Финикиец откровенно расхохотался, запрокинув голову.
— Моя честь? Вот как? Моя честь! Ишь, какой благородный. А чем мне семью кормить прикажешь? Жену, детей? Честью? Проваливай, если ничего умнее не придумал. А то ведь, неровен час, решу, что вы этакой вооружённой толпой незаконно границу хотите пересечь. Обрати внимание — людей у меня больше…
— Я пожалуюсь царице!
Финикиец сделал большие глаза.
— Да хоть самому вашему богу Амону! — великодушно разрешил он.
Египтянин задыхался от возмущения и бессилия что-либо сделать.
— И тебя не пугает гнев владык Египта?.. — растерянно спросил он. — Если мы объявим Финикии войну… Что ты запоёшь, когда Египет двинет на вас свои колесницы?

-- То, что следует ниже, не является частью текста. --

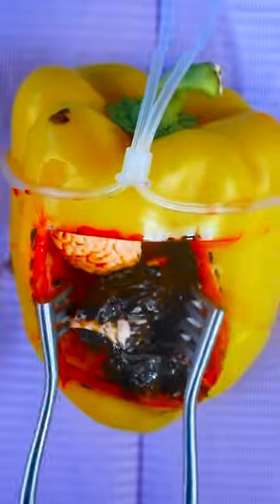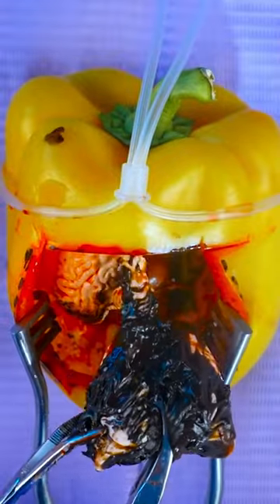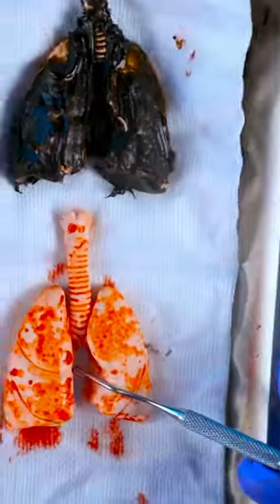These lungs are covered in black tar. These lungs are damaged beyond repair. These ones look much healthier.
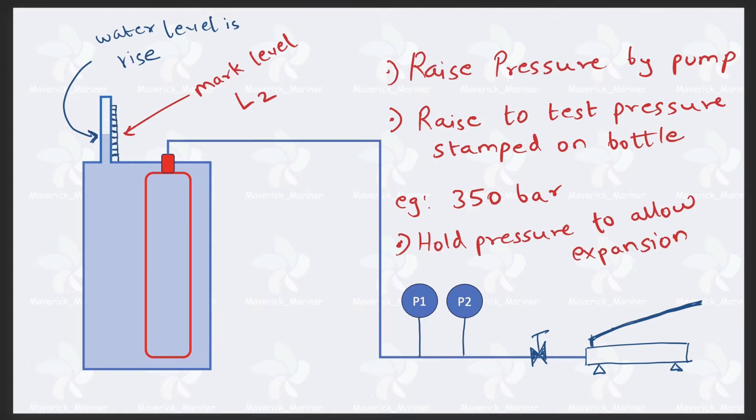Now, open the valve and operate the pump. When you operate the pump, there is no space, so pressure increases. How much pressure do we raise to? The hydraulic test pressure is stamped on the bottle — raise the pressure up to that stamped value. For example, on my ship the test pressure for the CO2 bottle was 350 bar, so I raise the pressure to 350 bar. On your ship it might be different — this is just an example. Raise the pressure to the test pressure stamped on the bottle.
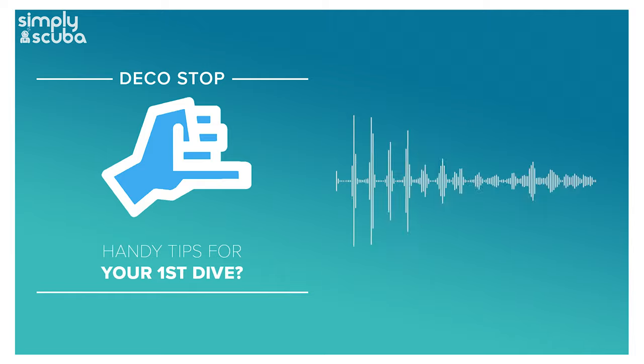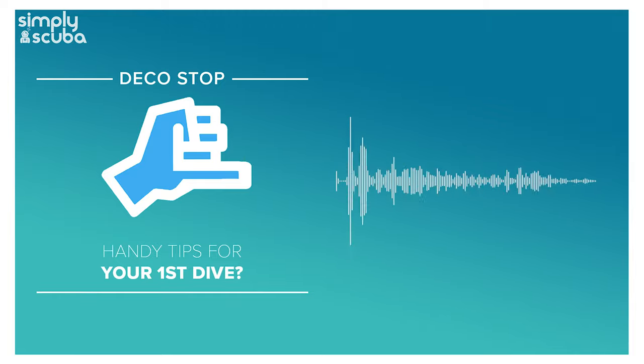SimpliScuba presents the DecoStop Podcast. Hi everybody, welcome to SimpliScuba and welcome to the DecoStop Podcast.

Финикиец зевнул — и усмехнулся.
— Ну да, вот прямо к самой царице отсюда и побежишь… — Он снова зевнул. — Выше сотника не пойдёшь. И самое большее, что он сделает — это накажет тебя за нерасторопность и халатность. А даже если вдруг ваши владыки и решат поиграть в солдатиков, то это дело царя, а не моё.
— Как не твоё?.. — египетский воин решительно не понимал логику своего противника, словно тот был из другого мира. — Если тебя не волнует благополучие твой страны, твоей родины… то… у тебя же, ты сам сказал, есть семья, есть дети. Кто их будет кормить, когда ты уйдёшь воевать? Кто спасёт их от рабства, а твою жену и от позора, когда ваш город возьмут?.. А ты говоришь…

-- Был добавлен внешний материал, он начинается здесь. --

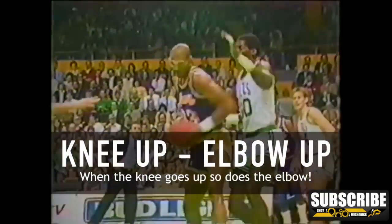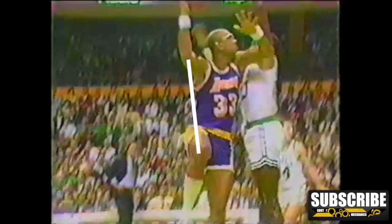To ensure proper form on the skyhook, we like to think knee up, elbow up. This basically means that as you're shooting, the elbow comes up, and so should your knee on the same side of your body. One thing that helps is to pretend like there's a string attached between your knee and your elbow, so when the elbow goes up, so does the knee. Work on this timing for optimal lift and power.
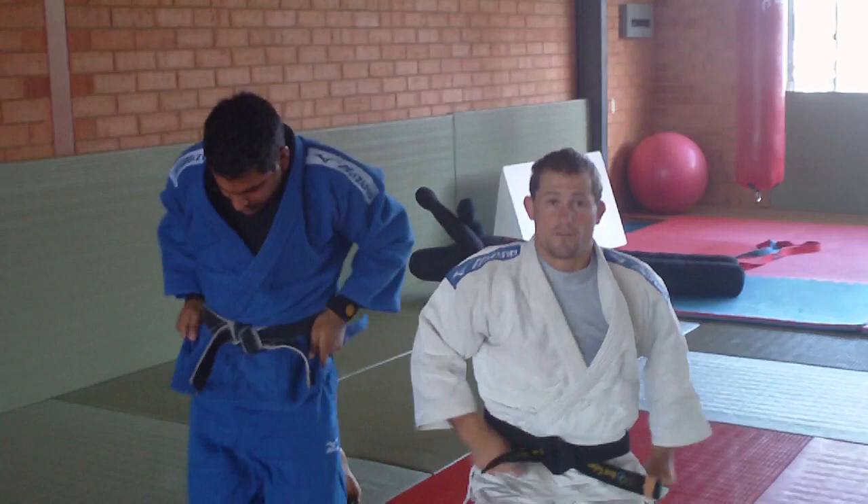So there's the Juji-gatame from turtle. Just going over some key points: you have to get your hook in or it's not going to work, and you attack coming in through the back way. Thanks for watching, see you next week.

— Я говорю, — нетерпеливо перебил его речь финикиец, — что на войне драться будут только идиоты вроде тебя. Умные люди вместе с семьями вовремя смоются за границу — в Грецию, например. Вот так-то, мой недалёкий благородный друг.
Египтянин молчал, глядя в наглое лицо финикийского командира. На скулах его ходили желваки. Всё, что было в Та-Кем свято, всё, чем жили и дышали воины фараона и солнцеподобной — всё разбивалось о торгашескую логику этого презренного человека. Объяснять ему что-либо, взывать к совести, к воинской чести…
Бессмысленно. «Умного» финикийца этим не прошибить.
И взяться бы за оружие, но…
Во-первых — чужая страна. Что ни говори, но незаконное вооруженное вторжение чревато.
И пусть бы! В конце концов, победителей не судят…
Только вот выйти победителем шансов немного.
И это — во-вторых. Он и его люди в меньшинстве.
Египтянин вздохнул. Что-что, а дураком он не был. И хотя единственный оставшийся выход немыслимо претил его душе, но иного воин не видел.